-- Records for this exercise follows --
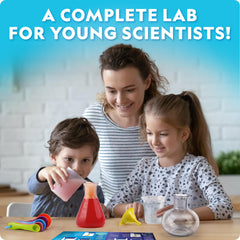 Blue Marble herramientas del laboratorio infantil en detalle que facilitan prácticas seguras
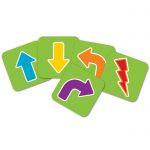 5 direction cards from the Learning Resources STEM Robot Mouse Coding Activity Set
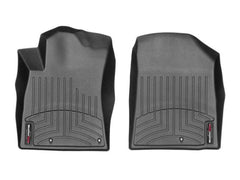 WeatherTech 4411151 2017+ Hyundai Ioniq Front FloorLiner - Black (Hybrid and Electric Models)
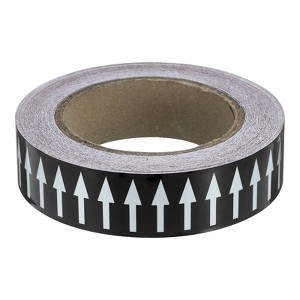 Unique Bargains 360 Degree Visibility Directional Flow Arrow Tape for Pipe Flow Labeling - 1 of 4
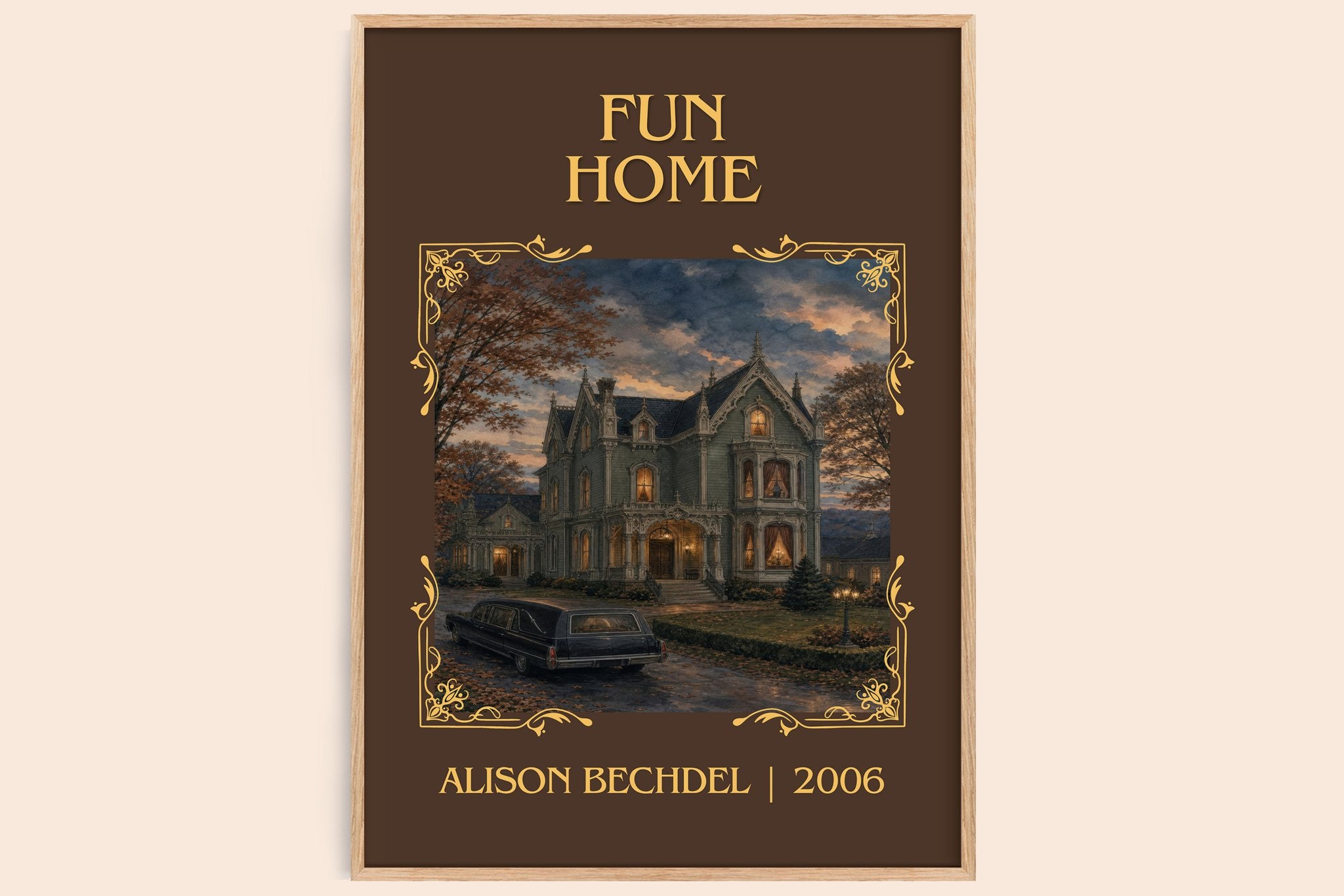 Fun Home Classic Book Art Print by Alison Bechdel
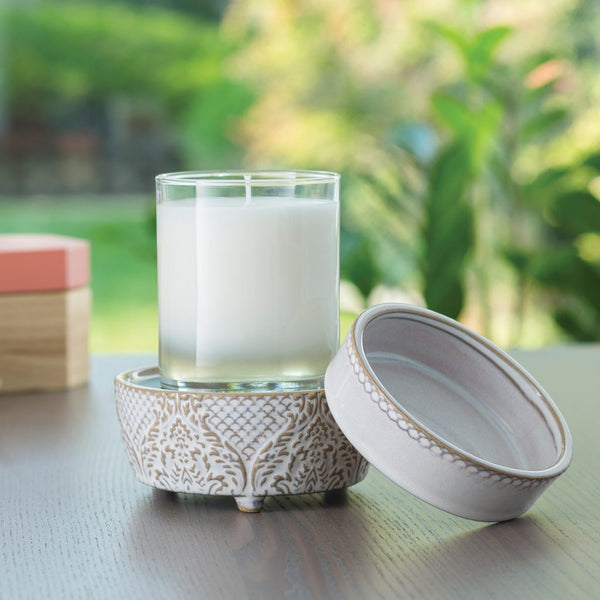 2-in-1 Classic Warmer Vintage White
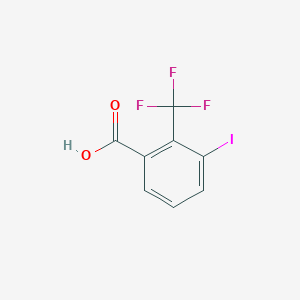 molecular formula C8H4F3IO2 B13027944 3-Iodo-2-(trifluoromethyl)benzoic acid 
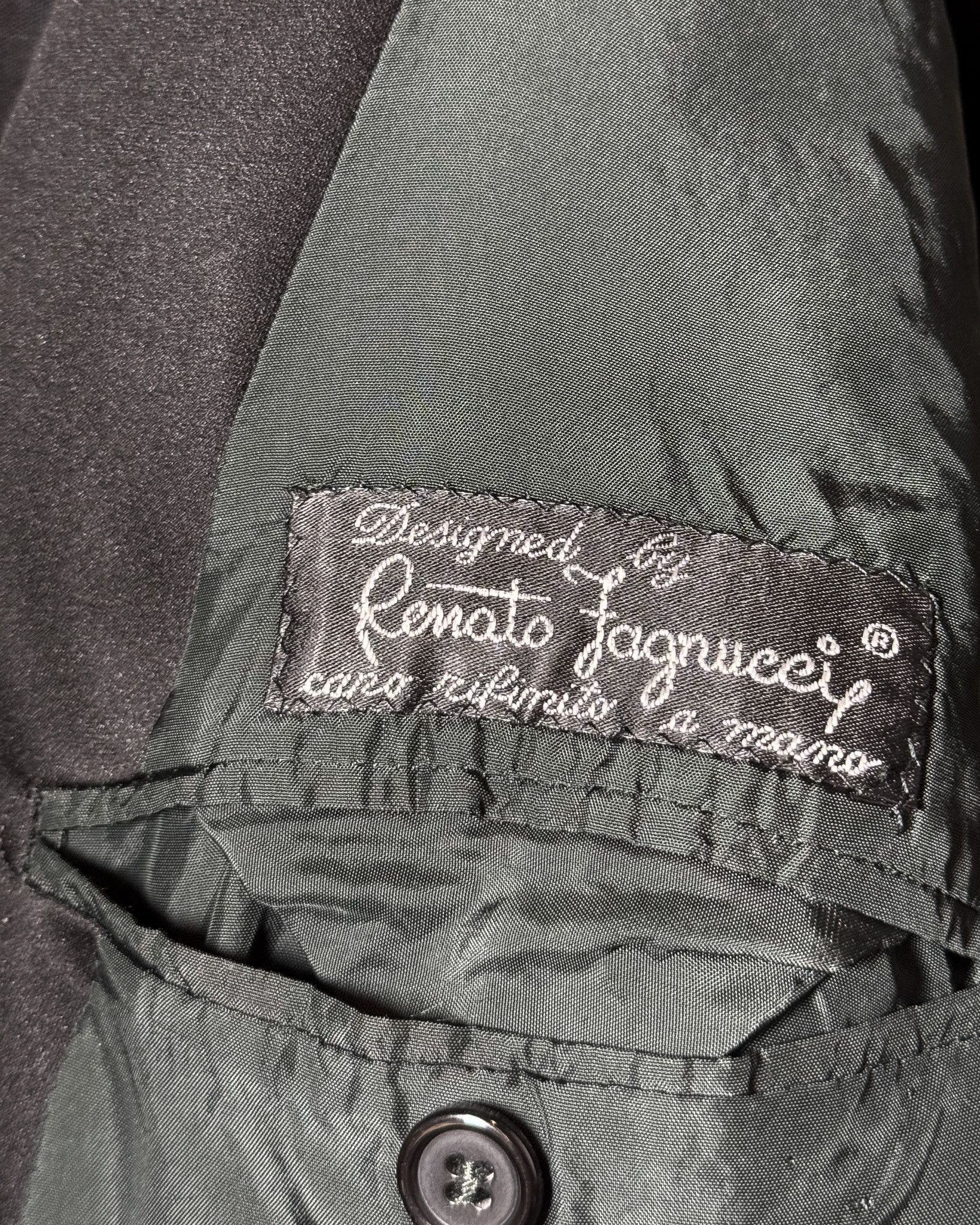 Vintage Completo doppiopetto nero giacca + pantalone 90' Size 40R - 4 Thumbnail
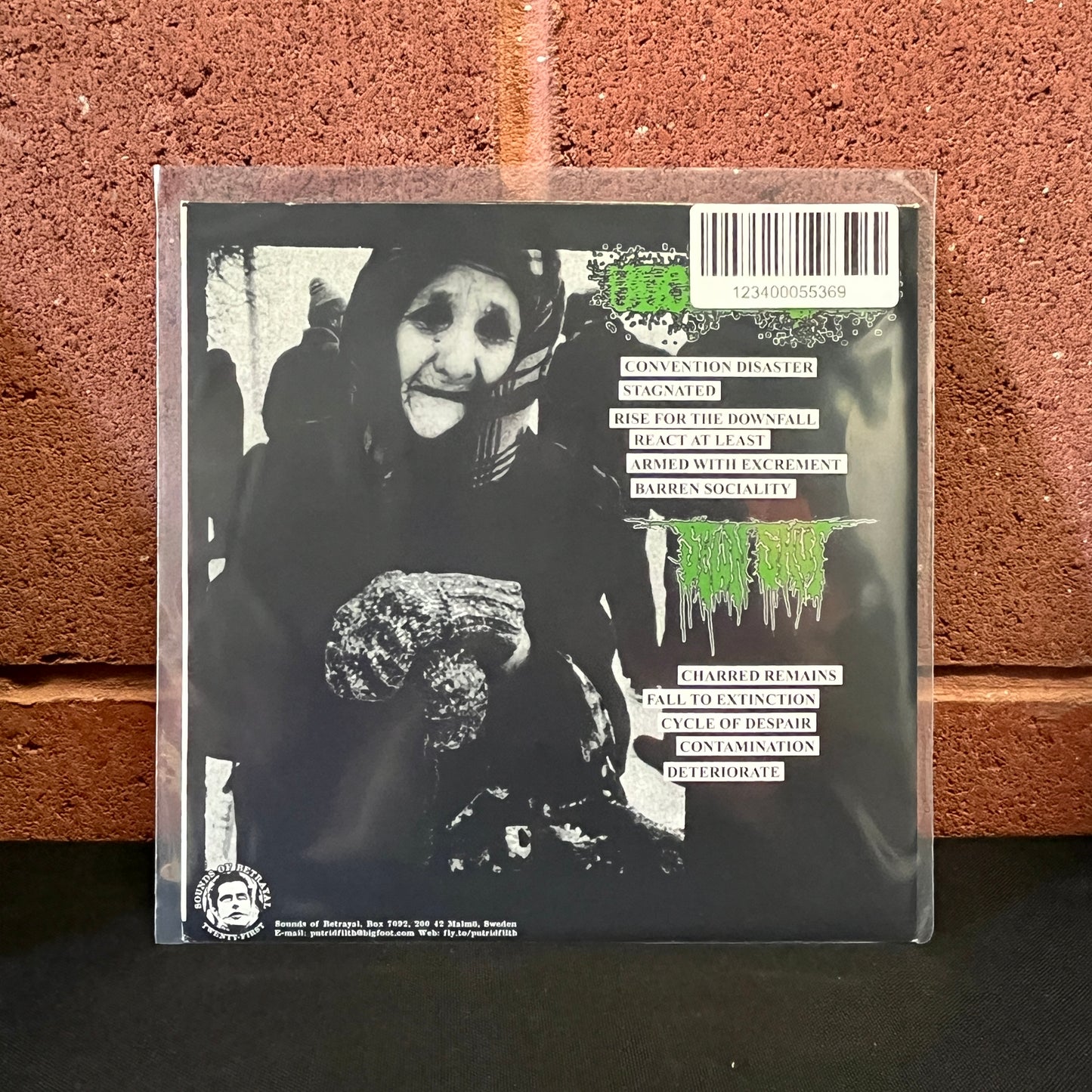 Used Vinyl: Sewn Shut / Ulcerrhoea "Split" 7" (Clear Vinyl)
-- Records for this exercise concluded --
» Work instructions
In the answer, include exactly the lines from the top of the entries through the line containing "WeatherTech 4411151 2017+", and nothing else, not even the pictures.

» Reply to the exercise
 Blue Marble herramientas del laboratorio infantil en detalle que facilitan prácticas seguras
 5 direction cards from the Learning Resources STEM Robot Mouse Coding Activity Set
 WeatherTech 4411151 2017+ Hyundai Ioniq Front FloorLiner - Black (Hybrid and Electric Models)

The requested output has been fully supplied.